The word "from" appears in some lines of the records below; state how many lines, and nothing else.
+++
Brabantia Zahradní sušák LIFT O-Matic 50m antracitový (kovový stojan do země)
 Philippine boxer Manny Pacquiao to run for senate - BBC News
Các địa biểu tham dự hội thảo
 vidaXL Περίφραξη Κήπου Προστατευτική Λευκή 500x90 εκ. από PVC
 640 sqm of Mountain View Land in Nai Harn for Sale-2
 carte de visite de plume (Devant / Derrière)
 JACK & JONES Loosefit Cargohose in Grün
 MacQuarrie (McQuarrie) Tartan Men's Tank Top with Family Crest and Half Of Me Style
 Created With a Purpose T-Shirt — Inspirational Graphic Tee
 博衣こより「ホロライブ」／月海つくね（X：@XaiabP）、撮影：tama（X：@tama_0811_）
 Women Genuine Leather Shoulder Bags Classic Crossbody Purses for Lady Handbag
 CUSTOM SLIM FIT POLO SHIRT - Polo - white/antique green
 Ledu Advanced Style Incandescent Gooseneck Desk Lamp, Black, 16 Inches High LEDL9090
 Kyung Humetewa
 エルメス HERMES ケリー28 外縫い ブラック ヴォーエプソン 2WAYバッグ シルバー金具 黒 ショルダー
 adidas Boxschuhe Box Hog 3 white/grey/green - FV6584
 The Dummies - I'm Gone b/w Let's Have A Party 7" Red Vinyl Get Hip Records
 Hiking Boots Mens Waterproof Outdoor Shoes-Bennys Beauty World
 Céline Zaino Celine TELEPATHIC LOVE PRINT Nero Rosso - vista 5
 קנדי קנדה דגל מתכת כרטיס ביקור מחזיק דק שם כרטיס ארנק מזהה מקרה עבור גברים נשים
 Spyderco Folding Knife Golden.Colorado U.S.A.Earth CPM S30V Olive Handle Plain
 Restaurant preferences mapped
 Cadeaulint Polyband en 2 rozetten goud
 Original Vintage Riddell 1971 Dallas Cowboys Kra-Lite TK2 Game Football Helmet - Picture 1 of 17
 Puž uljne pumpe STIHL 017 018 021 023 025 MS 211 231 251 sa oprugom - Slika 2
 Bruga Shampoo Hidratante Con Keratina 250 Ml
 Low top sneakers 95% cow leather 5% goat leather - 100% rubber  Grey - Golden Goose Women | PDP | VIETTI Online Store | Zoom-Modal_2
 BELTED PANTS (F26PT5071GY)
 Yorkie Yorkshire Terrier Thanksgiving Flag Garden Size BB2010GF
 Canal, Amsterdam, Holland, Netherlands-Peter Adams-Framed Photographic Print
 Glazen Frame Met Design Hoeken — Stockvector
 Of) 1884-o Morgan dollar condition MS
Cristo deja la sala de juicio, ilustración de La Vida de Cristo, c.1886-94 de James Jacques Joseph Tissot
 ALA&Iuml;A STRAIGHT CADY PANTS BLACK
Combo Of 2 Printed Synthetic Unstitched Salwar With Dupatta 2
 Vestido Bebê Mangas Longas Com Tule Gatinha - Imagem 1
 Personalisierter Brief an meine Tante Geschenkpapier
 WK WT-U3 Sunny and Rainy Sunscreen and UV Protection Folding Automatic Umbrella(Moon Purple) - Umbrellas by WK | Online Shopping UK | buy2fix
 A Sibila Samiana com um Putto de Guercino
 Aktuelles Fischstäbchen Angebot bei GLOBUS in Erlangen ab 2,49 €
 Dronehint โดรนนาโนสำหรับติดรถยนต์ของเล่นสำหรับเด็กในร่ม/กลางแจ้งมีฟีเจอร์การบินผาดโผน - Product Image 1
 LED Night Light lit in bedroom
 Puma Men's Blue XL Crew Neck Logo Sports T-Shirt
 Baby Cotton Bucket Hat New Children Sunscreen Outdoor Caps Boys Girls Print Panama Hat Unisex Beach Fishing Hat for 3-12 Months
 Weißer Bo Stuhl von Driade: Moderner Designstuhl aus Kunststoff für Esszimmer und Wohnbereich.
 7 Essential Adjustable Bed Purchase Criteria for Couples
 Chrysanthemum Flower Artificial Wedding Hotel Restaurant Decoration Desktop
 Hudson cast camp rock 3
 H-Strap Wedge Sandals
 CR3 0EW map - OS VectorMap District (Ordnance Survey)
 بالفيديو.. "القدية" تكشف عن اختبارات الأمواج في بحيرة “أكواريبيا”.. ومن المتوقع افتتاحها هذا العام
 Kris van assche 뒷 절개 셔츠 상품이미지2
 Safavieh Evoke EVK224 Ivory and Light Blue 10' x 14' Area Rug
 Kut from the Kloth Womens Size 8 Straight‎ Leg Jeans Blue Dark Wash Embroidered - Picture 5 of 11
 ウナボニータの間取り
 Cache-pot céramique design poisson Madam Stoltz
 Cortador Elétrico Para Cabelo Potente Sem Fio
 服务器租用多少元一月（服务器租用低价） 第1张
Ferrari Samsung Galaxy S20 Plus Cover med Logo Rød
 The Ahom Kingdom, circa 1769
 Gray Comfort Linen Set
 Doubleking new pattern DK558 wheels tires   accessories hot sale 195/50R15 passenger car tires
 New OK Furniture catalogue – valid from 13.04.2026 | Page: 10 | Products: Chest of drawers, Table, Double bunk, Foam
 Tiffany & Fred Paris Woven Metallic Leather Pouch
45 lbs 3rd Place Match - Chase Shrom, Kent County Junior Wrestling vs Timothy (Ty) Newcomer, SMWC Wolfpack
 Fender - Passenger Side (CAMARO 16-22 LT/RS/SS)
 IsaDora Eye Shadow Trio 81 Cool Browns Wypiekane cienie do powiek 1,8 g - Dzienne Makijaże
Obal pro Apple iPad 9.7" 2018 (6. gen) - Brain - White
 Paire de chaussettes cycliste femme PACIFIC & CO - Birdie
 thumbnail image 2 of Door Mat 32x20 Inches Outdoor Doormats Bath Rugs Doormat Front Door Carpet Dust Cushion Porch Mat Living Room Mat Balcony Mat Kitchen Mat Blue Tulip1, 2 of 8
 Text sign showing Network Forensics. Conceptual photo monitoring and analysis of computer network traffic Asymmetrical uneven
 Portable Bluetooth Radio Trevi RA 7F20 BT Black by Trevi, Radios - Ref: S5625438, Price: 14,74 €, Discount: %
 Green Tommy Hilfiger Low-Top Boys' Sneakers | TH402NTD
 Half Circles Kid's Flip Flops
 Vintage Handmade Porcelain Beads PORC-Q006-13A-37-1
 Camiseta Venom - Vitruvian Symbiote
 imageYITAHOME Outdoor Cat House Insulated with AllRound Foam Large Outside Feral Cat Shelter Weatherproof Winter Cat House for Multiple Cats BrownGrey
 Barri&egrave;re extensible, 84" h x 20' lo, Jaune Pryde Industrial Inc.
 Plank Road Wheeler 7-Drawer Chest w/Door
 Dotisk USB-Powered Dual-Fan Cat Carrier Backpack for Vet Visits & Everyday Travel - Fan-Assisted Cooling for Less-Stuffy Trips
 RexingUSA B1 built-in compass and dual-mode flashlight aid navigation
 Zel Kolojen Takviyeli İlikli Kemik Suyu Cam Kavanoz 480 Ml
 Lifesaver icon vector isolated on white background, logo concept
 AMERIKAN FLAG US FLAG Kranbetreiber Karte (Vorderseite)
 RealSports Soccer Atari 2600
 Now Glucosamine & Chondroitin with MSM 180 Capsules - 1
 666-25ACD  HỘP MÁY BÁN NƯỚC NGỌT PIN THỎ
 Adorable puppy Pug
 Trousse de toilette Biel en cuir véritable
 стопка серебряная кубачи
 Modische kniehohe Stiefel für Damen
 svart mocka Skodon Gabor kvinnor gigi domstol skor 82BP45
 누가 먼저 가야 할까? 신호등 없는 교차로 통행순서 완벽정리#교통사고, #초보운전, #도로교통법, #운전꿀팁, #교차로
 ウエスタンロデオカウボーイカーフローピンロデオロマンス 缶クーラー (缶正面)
+++
**Written answer**
2